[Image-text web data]
%%
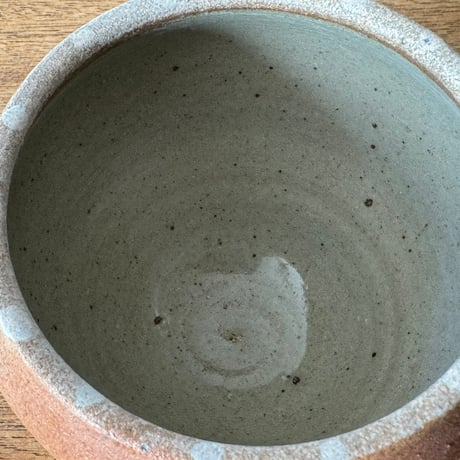 川尻製陶所　砂糖壷M 上膨れ サM上F
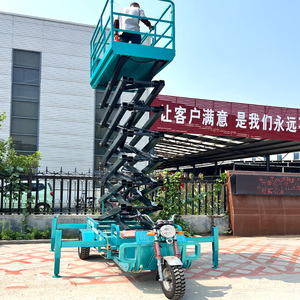 Miễn phí vận chuyển 6M-18M xe máy xe Scissor Lift điện ba bánh Nâng Nền tảng thang máy nhỏ đám mây thang thủy lực di động - Product Image 4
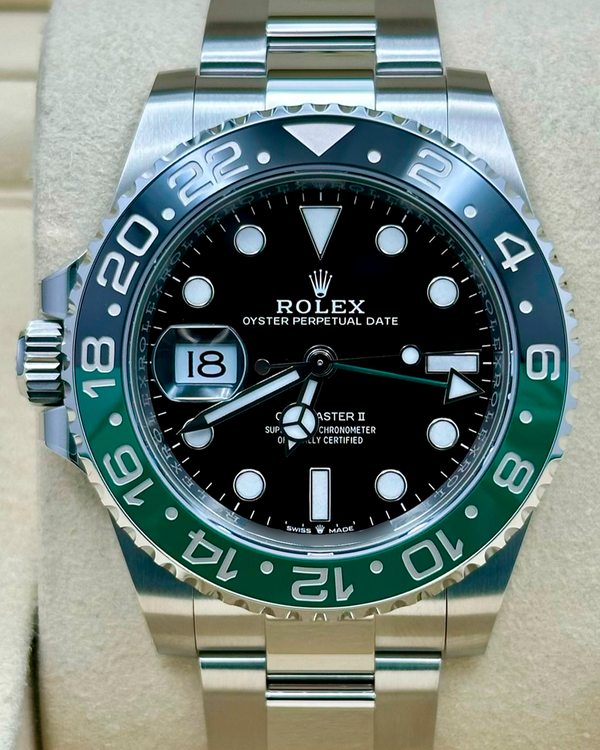 2026 Rolex GMT-Master II "Sprite" 40MM Black Dial Oyster Bracelet (126720VTNR)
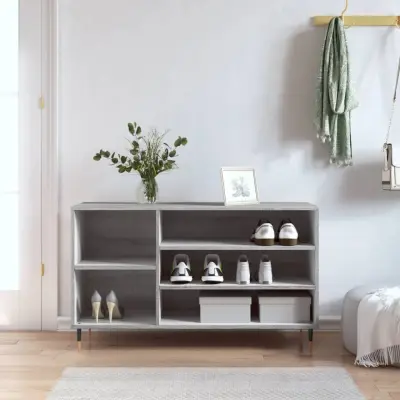 The Living Store Omarica za čevlje siva sonoma 102x36x60 cm inženirski les - Omarica Za Čevlje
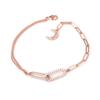 Selina 14Kgp Rose Gold Double Chain Bracelet Jr173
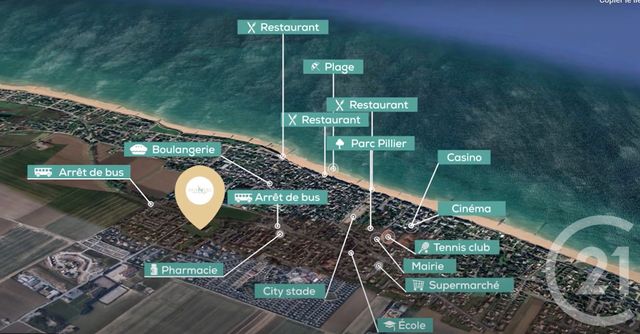 Appartement F2 à vendre - 4 pièces - 94,68 m2 - St Aubin Sur Mer - 14 - BASSE-NORMANDIE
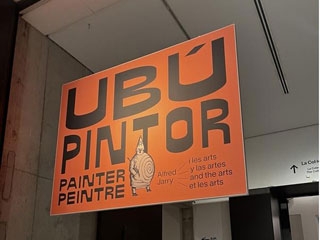 Cartel de la exposición UBÚ Pintor: Alfred Jarry i les arts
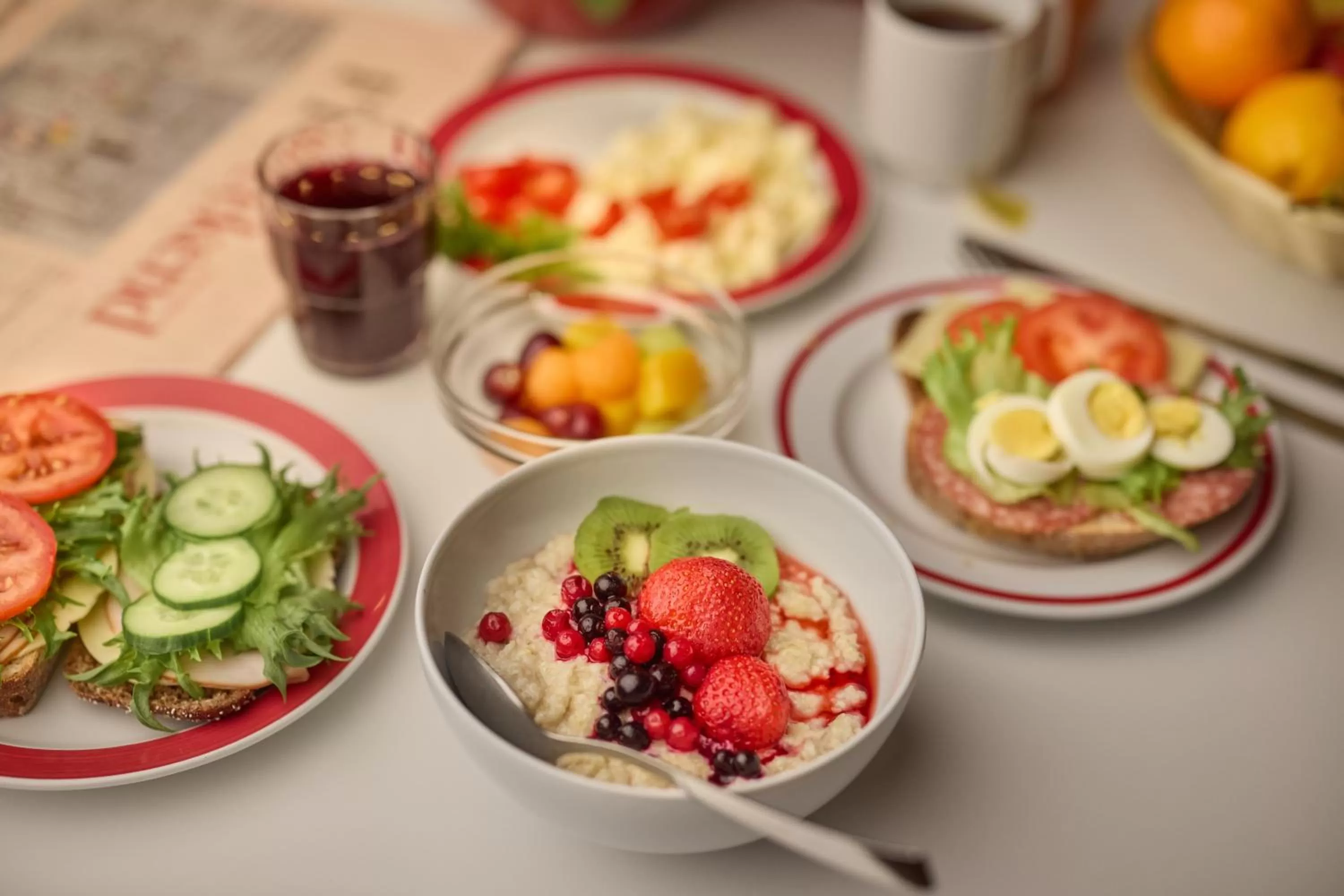 Breakfast in Töölö Towers
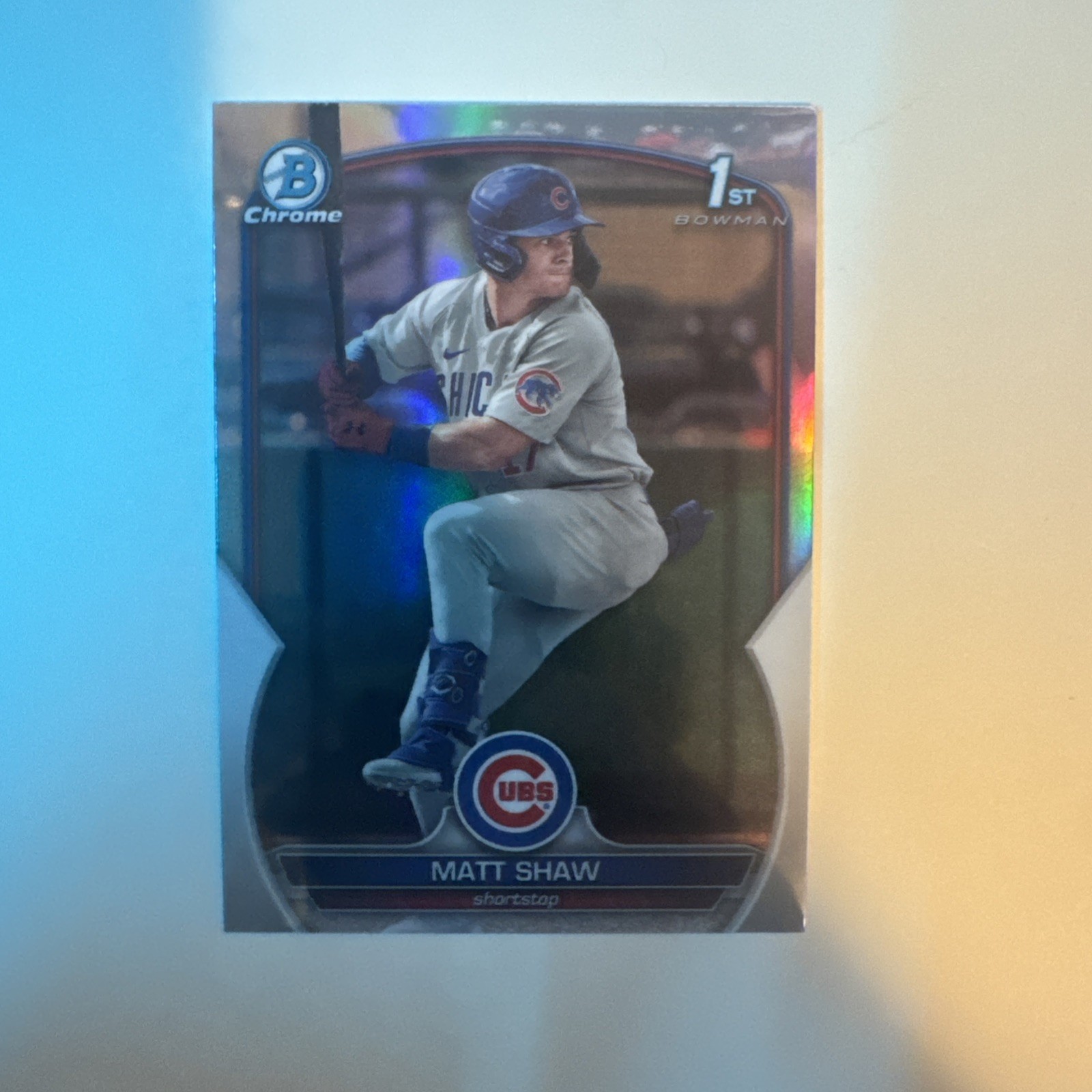 2023 Bowman Draft Chrome Matt Shaw #BDC-33 Refractor (RC)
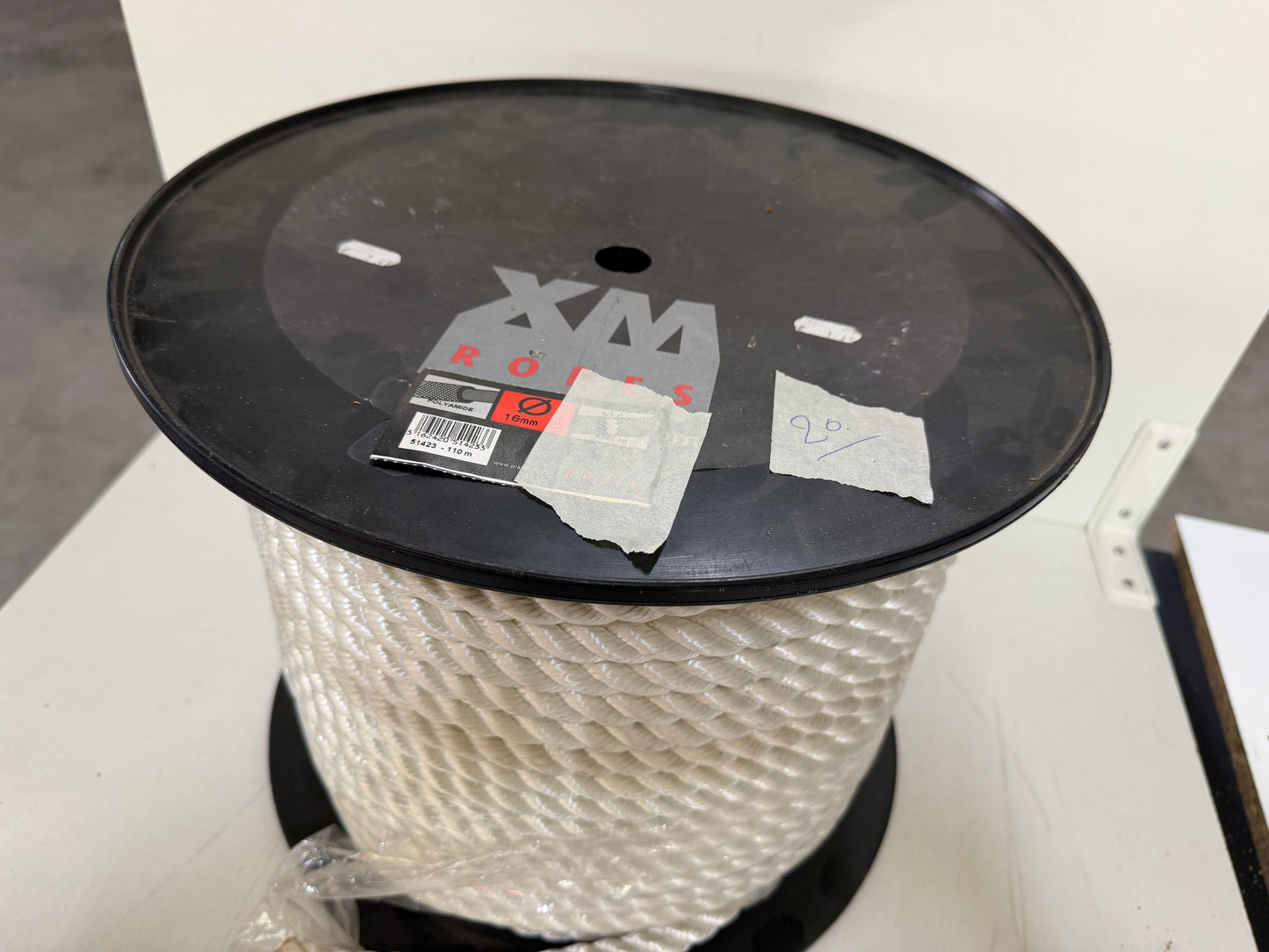 Landvast 16 mm - XM Ropes Polyamide wit
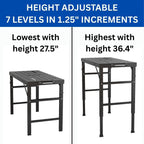 Adjustable Height Folding Welding Table - 1000 lbs Capacity
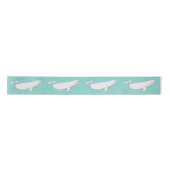 Beluga Whale Illustratie Whale Lover Gift Blue Lint (Voorkant)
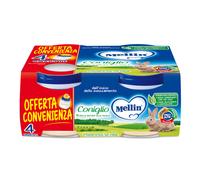 DANONE NUTRICIA SpA SOC.BEN. MELLIN OMOGENEIZZATO CONIGLIO 4X80 GRAMMI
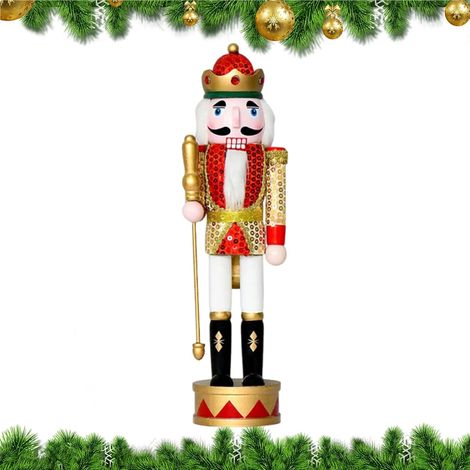 Casse-Noisettes Décorations de Noël - Soldat de Noël en Bois (1/5)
%%
What is needed is every entry above, repeated exactly, with the pictures dropped.

 川尻製陶所　砂糖壷M 上膨れ サM上F
 Miễn phí vận chuyển 6M-18M xe máy xe Scissor Lift điện ba bánh Nâng Nền tảng thang máy nhỏ đám mây thang thủy lực di động - Product Image 4
 2026 Rolex GMT-Master II "Sprite" 40MM Black Dial Oyster Bracelet (126720VTNR)
 The Living Store Omarica za čevlje siva sonoma 102x36x60 cm inženirski les - Omarica Za Čevlje
 Selina 14Kgp Rose Gold Double Chain Bracelet Jr173
 Appartement F2 à vendre - 4 pièces - 94,68 m2 - St Aubin Sur Mer - 14 - BASSE-NORMANDIE
 Cartel de la exposición UBÚ Pintor: Alfred Jarry i les arts
 Breakfast in Töölö Towers
 2023 Bowman Draft Chrome Matt Shaw #BDC-33 Refractor (RC)
 Landvast 16 mm - XM Ropes Polyamide wit
 Adjustable Height Folding Welding Table - 1000 lbs Capacity
 Beluga Whale Illustratie Whale Lover Gift Blue Lint (Voorkant)
 DANONE NUTRICIA SpA SOC.BEN. MELLIN OMOGENEIZZATO CONIGLIO 4X80 GRAMMI
 Casse-Noisettes Décorations de Noël - Soldat de Noël en Bois (1/5)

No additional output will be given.